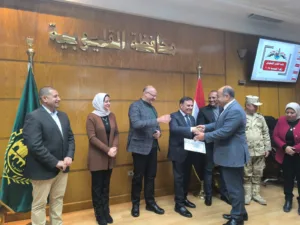 محافظ القليوبية يكرم المستشار مصطفي عبد الحميد فرج لمساهمة الشبان الفعالة في قافلة «من القليوبية ل غزة»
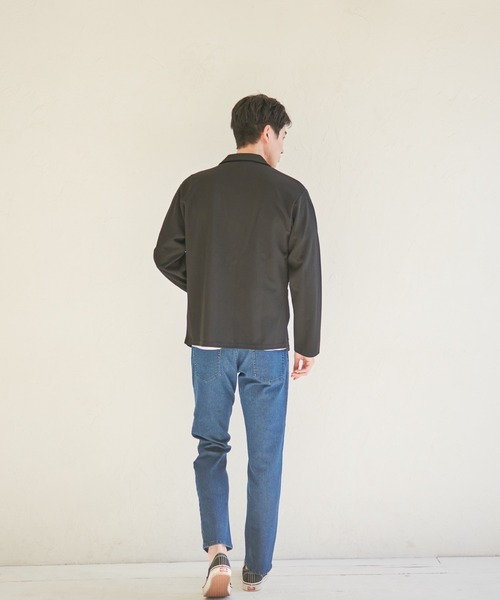 Blue Standard (ブルースタンダード)の「【BLUE STANDARD/ブルースタンダード】カットテーラードジャケット ジャケット専用Tシャツ 2点セット(テーラードジャケット・メンズ・チャコールグレー/ブラック/ネイビー・X-LARGE/MEDIUM/LARGE)」の6枚目の写真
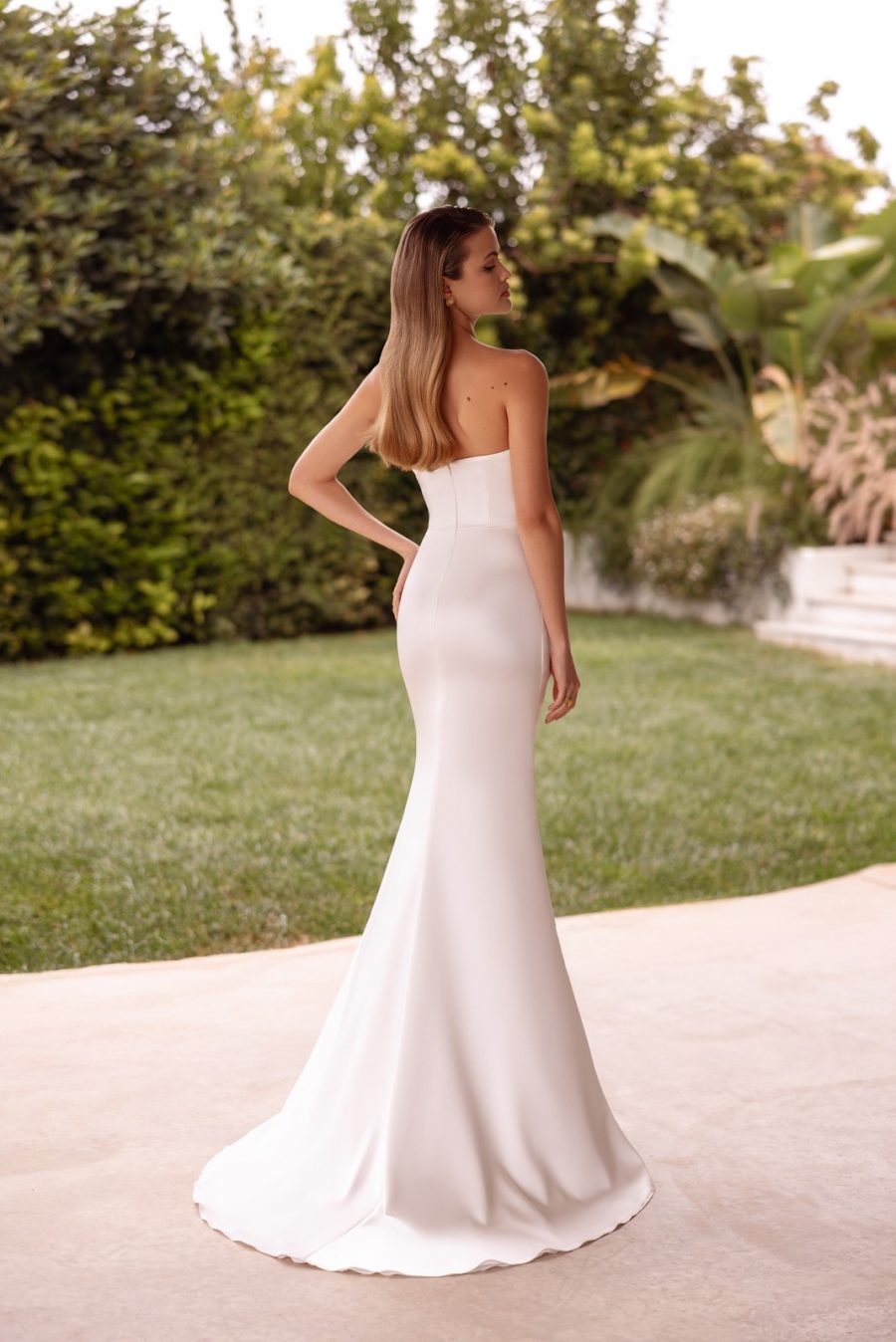 Suknia ślubna DR440  - Demetrios - kolor ivory - rozmiar 6 - Salon Le Mariage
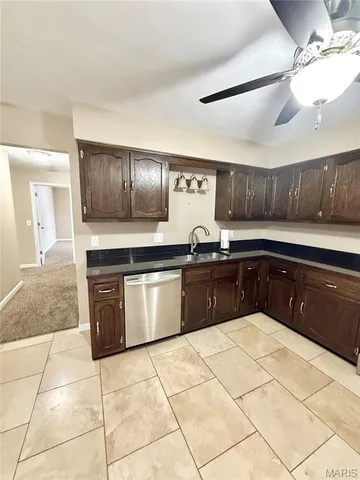 $1,600 | 302 Britanna Drive, Swansea, IL 62226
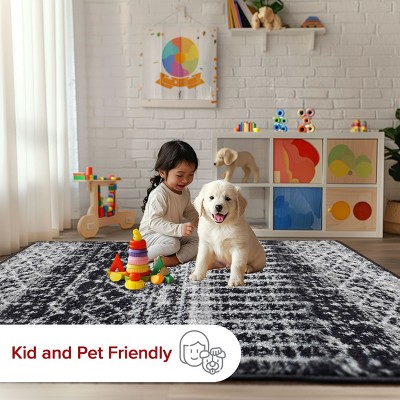 Handmade 6' Black Geometric Synthetic Square Area Rug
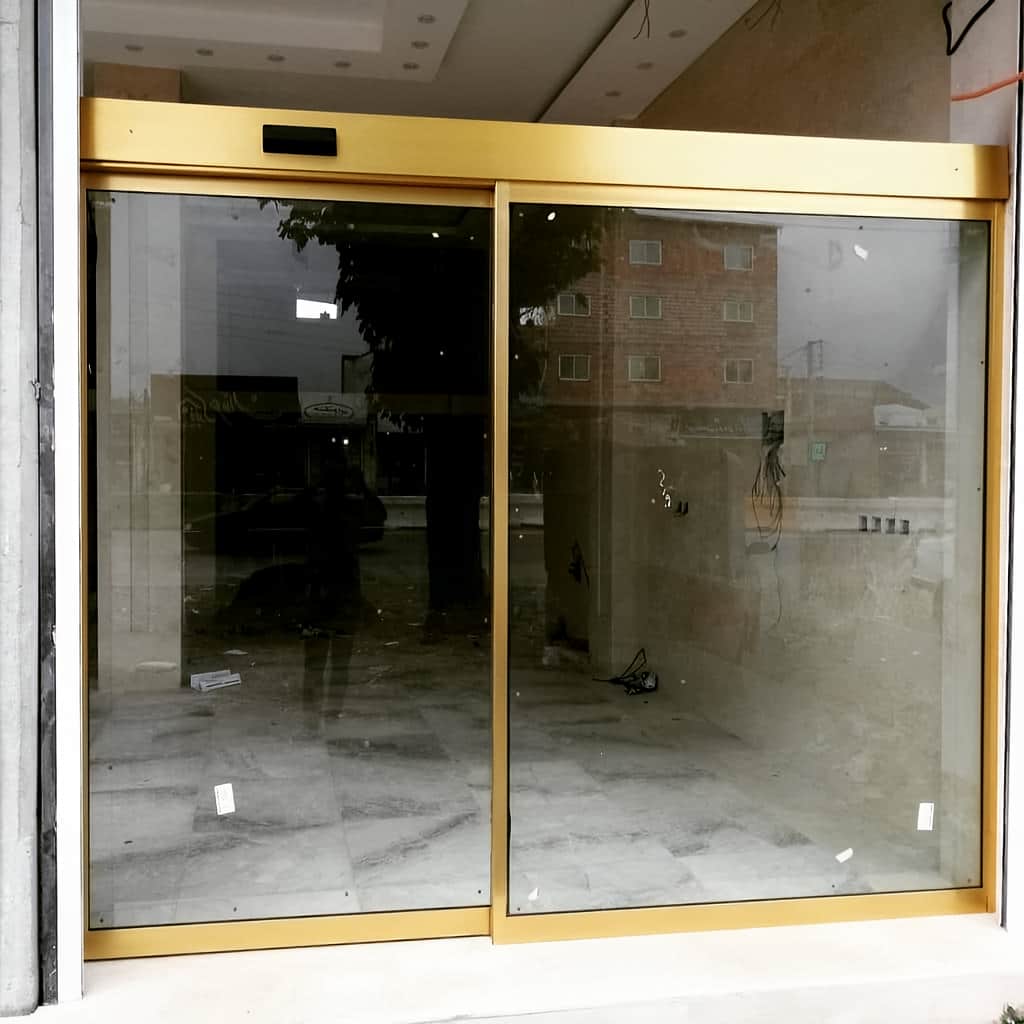 سفارش سنسور حرکتی درب شیشه ای با رنگ هماهنگ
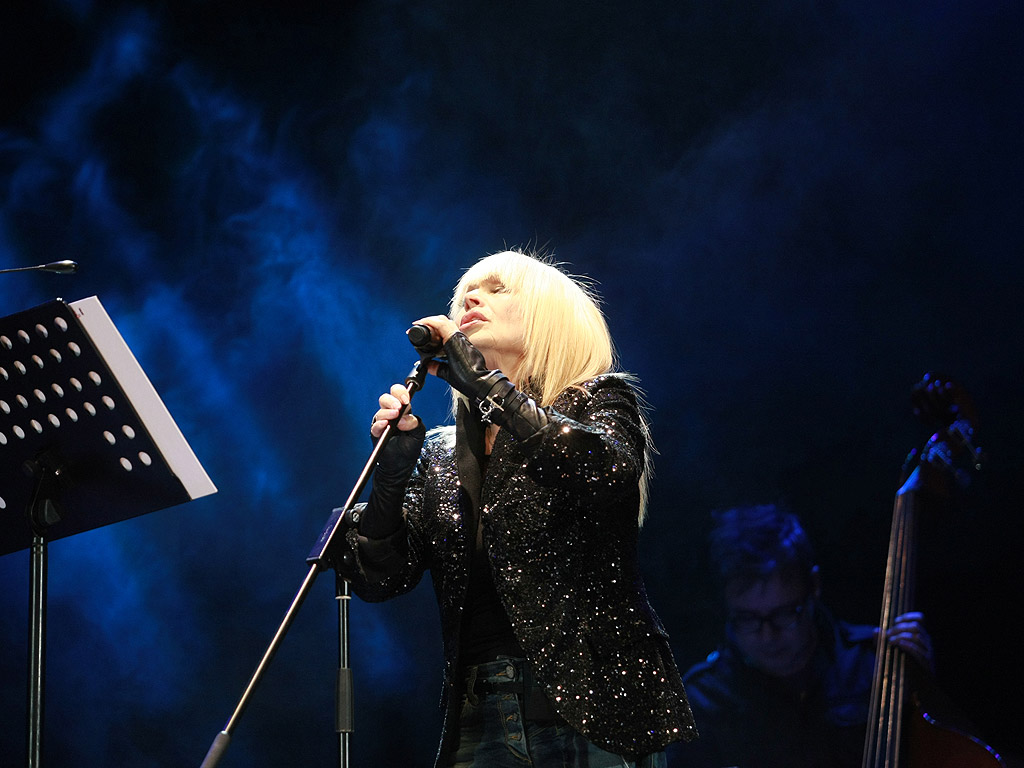 Лили Иванова с нов албум и концерт в зала 1 на НДК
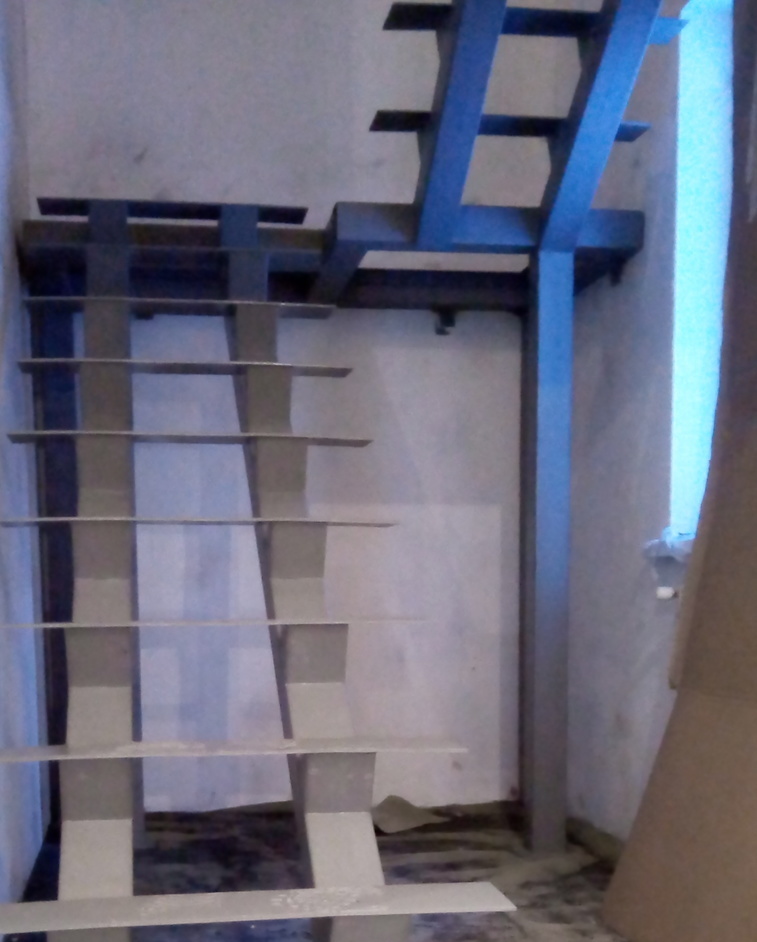 Выполненный заказ — Каркас лестницы в частном коттедже в пос. Заварзино, г. Томск, февраль 2018 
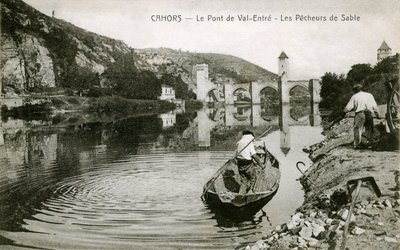 Cahors au début du XXe siècle : pêcheurs de sable et leur bateau sur le Lot, pont de Valentré - French Photographer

To do: Everything in the records is to be repeated verbatim except the pictures.

Solution to this problem:
 محافظ القليوبية يكرم المستشار مصطفي عبد الحميد فرج لمساهمة الشبان الفعالة في قافلة «من القليوبية ل غزة»
 Blue Standard (ブルースタンダード)の「【BLUE STANDARD/ブルースタンダード】カットテーラードジャケット ジャケット専用Tシャツ 2点セット(テーラードジャケット・メンズ・チャコールグレー/ブラック/ネイビー・X-LARGE/MEDIUM/LARGE)」の6枚目の写真
 Suknia ślubna DR440  - Demetrios - kolor ivory - rozmiar 6 - Salon Le Mariage
 $1,600 | 302 Britanna Drive, Swansea, IL 62226
 Handmade 6' Black Geometric Synthetic Square Area Rug
 سفارش سنسور حرکتی درب شیشه ای با رنگ هماهنگ
 Лили Иванова с нов албум и концерт в зала 1 на НДК
 Выполненный заказ — Каркас лестницы в частном коттедже в пос. Заварзино, г. Томск, февраль 2018 
 Cahors au début du XXe siècle : pêcheurs de sable et leur bateau sur le Lot, pont de Valentré - French Photographer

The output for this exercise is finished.